Dr Samuel Hahnemann, father of homeopathy, was one among a few of his time to step into the portals of a university and graduate in medicine with an MD. It was the pre-antibiotic era and consisted of many barbaric practices. Conventional doctors routinely used bleeding and excessive purging to treat diseases on the presumption that the disease was caused due to bad blood within the body. Dr Hahnemann was disappointed with this and, therefore, gave up his medical practice.

He dreamed and pondered over a new idea - making medicine safe, effective, sane, humane and gentle.

To support himself, Dr Hahnemann started translating medical books in different languages, as he knew over a dozen languages. When he was once engaged in the translation of William Cullen’s classical work, Lectures on the Materia Medica, in 1790, he could not resist his analytical excitement. Cullen’s statement that cinchona [quinine] bark possessed specific febrifugal [fever-relieving] properties – because it was one of the most aromatic and bitter substances known – aroused his scientific mind and curiosity.

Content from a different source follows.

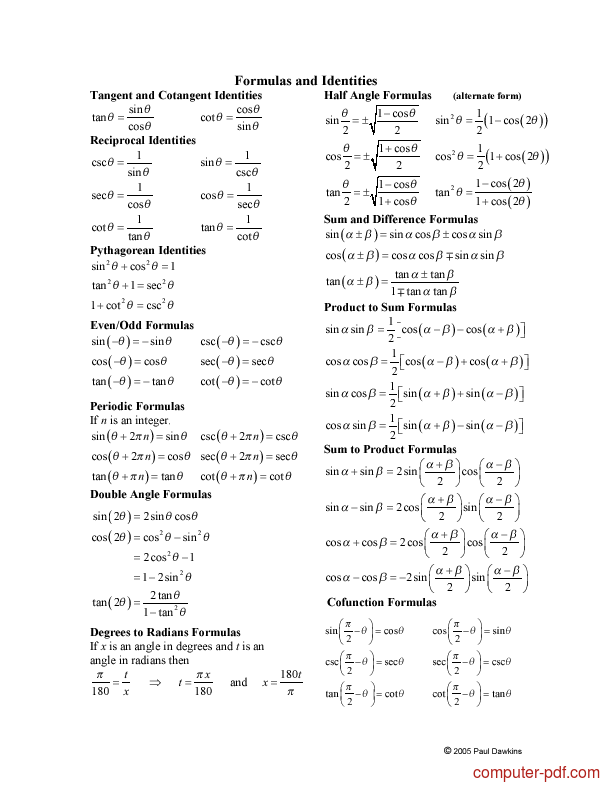 calculus trig identities cheat sheet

Hahnemann felt that there were many more substances, not just barks, with extremely bitter and fragrant properties. None of them had the strength to cure fevers, especially malaria-like fevers. He was eager to test the idea. He drank a decoction of cinchona bark to test the results. He developed a malarial fever with chills. This laid the foundation for homeopathy. Hahnemann then expounded his principle: like cures like.

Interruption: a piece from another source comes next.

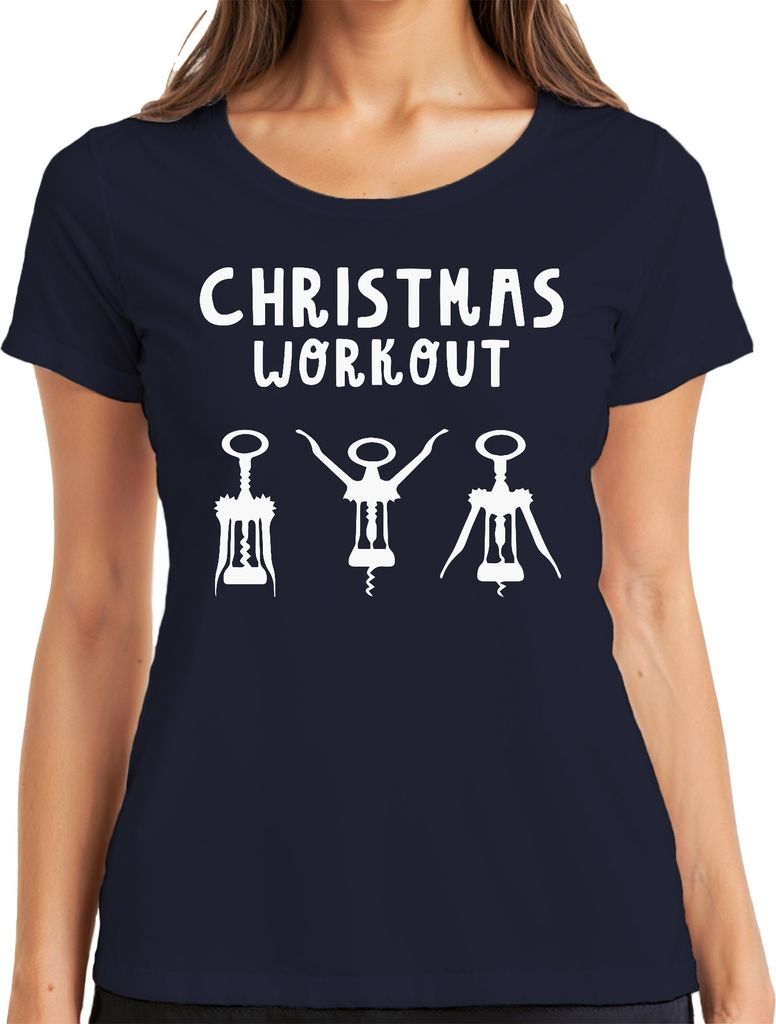 Christmas Workout Flaschenöffner Wein Winzer - Weihnachten Weihnachtsgeschenk Christmas Damen T-Shirt, Navy, M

From this experiment, Dr Hahnemann derived a hypothesis - “a substance that can artificially produce certain disease-like symptoms on a healthy person; only that substance can cure a similar disease when it is given to the patient in the form of homeopathic medicine.”

For example, when you chop onions, you have watery eyes and a runny nose; you sneeze and cough, and all of it happens due to exposure to the tuber’s active substances. The homeopathic remedy, Allium Cepa, made from red onion can help you overcome a cold or allergy attack in which you may have similar symptoms – watery eyes, runny nose, sneezing, coughing or throat irritation.

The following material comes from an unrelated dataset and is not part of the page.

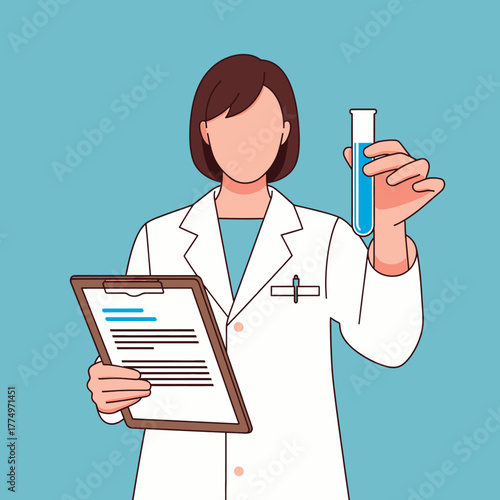 Scientist holding test tube and clipboard in laboratory.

Dr Hahnemann started studying the effect of various substances on humans, and systematically recorded the symptoms produced by these substances. These records were then used as reference guide to select a similar remedy for his patients. Cures achieved in this way further confirmed his hypotheses about the concept of ‘like cures like’. Dr Hahnemann thus evolved homeopathy as a scientific system of alternative medicine based on his research and clinical experience of over 12 years.

Homeopathy became widely popular during the 19th century with its success in treating patients during epidemics like cholera. Death rates in homeopathic hospitals were lower than conventional hospitals.